Bukan hanya genangan air atau kebersihan rumah yang menjadi penyebab, tubuh manusia sendiri ternyata memancarkan sinyal yang dapat menarik perhatian nyamuk. Mulai dari pola pernapasan, aroma alami tubuh, hingga warna pakaian dapat membuat kita menjadi sasaran empuk serangga ini. Berikut beberapa faktor yang memengaruhi daya tarik nyamuk terhadap manusia, menurut Healthline:
1. Karbon Dioksida
Nyamuk sangat sensitif terhadap karbon dioksida yang kita keluarkan saat bernapas. Ketika kadar gas ini meningkat di udara, nyamuk akan mendeteksinya sebagai tanda ada inang di sekitar dan segera mendekat.
2. Aroma Tubuh
Bau alami kulit juga menjadi salah satu pemicu. Senyawa seperti amonia dan asam laktat yang keluar melalui pori-pori dapat membuat seseorang lebih menarik bagi nyamuk.

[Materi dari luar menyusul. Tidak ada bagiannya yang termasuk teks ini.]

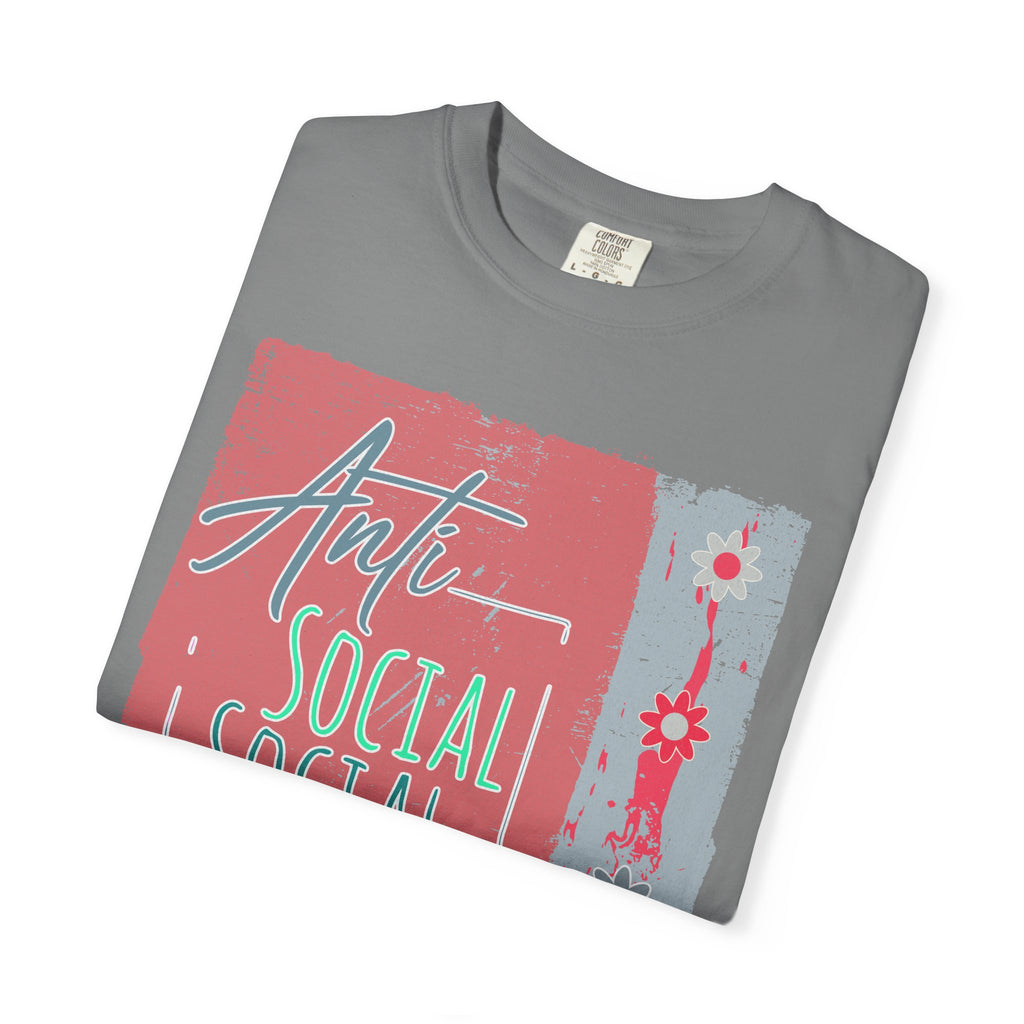 Textured Anti Social Social Club Graphic T-Shirt — Vintage Retro Block Print Tee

Keberadaan bakteri pada kulit serta faktor genetik turut memengaruhi aroma khas tubuh yang dapat menjadi “pemikat” bagi serangga tersebut.
3. Suhu Tubuh
Nyamuk betina dapat merasakan panas yang dipancarkan tubuh manusia. Sumber panas ini akan membuat mereka tertarik dan bergerak mendekat, tanpa memperhitungkan ukuran tubuh orang tersebut.
4. Warna Pakaian
Warna pakaian ternyata juga memainkan peran penting. Penelitian menunjukkan nyamuk cenderung tertarik pada warna gelap, terutama hitam. Jadi, mengenakan pakaian berwarna terang dapat membantu mengurangi risiko digigit.
5. Konsumsi Alkohol
Penelitian kecil pada 2002 mengungkap bahwa orang yang baru saja minum alkohol, khususnya bir, lebih sering didatangi nyamuk dibanding mereka yang tidak mengonsumsi alkohol.
6. Kehamilan
Perempuan hamil diketahui lebih banyak menarik nyamuk. Hal ini diduga berkaitan dengan produksi karbon dioksida yang lebih tinggi serta suhu tubuh yang sedikit meningkat selama masa kehamilan.

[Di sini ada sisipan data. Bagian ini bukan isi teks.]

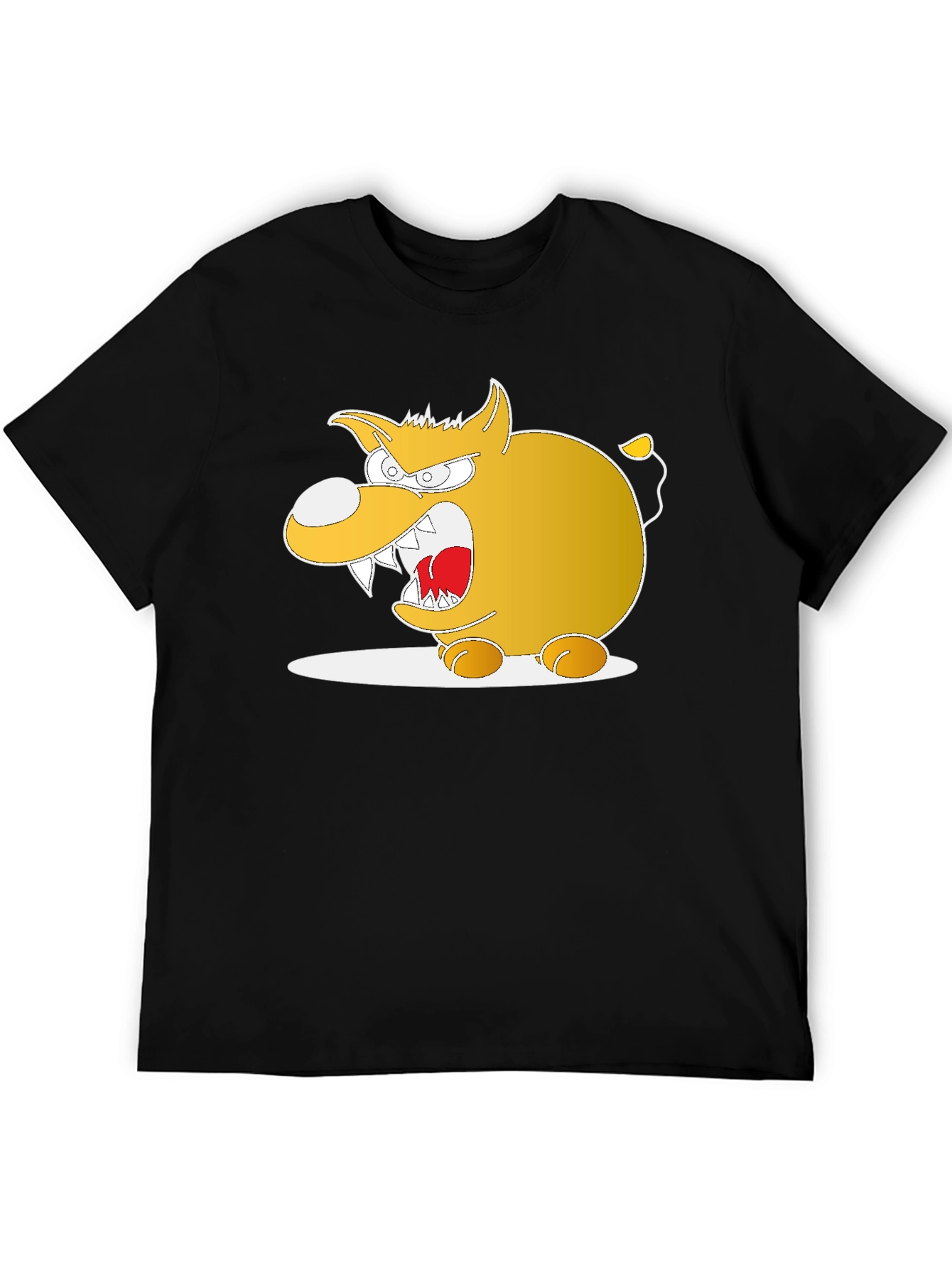 Cartoon Angry Dog Graphic Black Tee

Kesimpulannya, nyamuk tidak menggigit secara sembarangan. Mengetahui faktor-faktor yang membuat kita lebih rentan dapat membantu mengambil langkah pencegahan, seperti memilih pakaian yang tepat, menjaga kebersihan tubuh, serta mengurangi potensi sarang nyamuk di sekitar rumah.(BY)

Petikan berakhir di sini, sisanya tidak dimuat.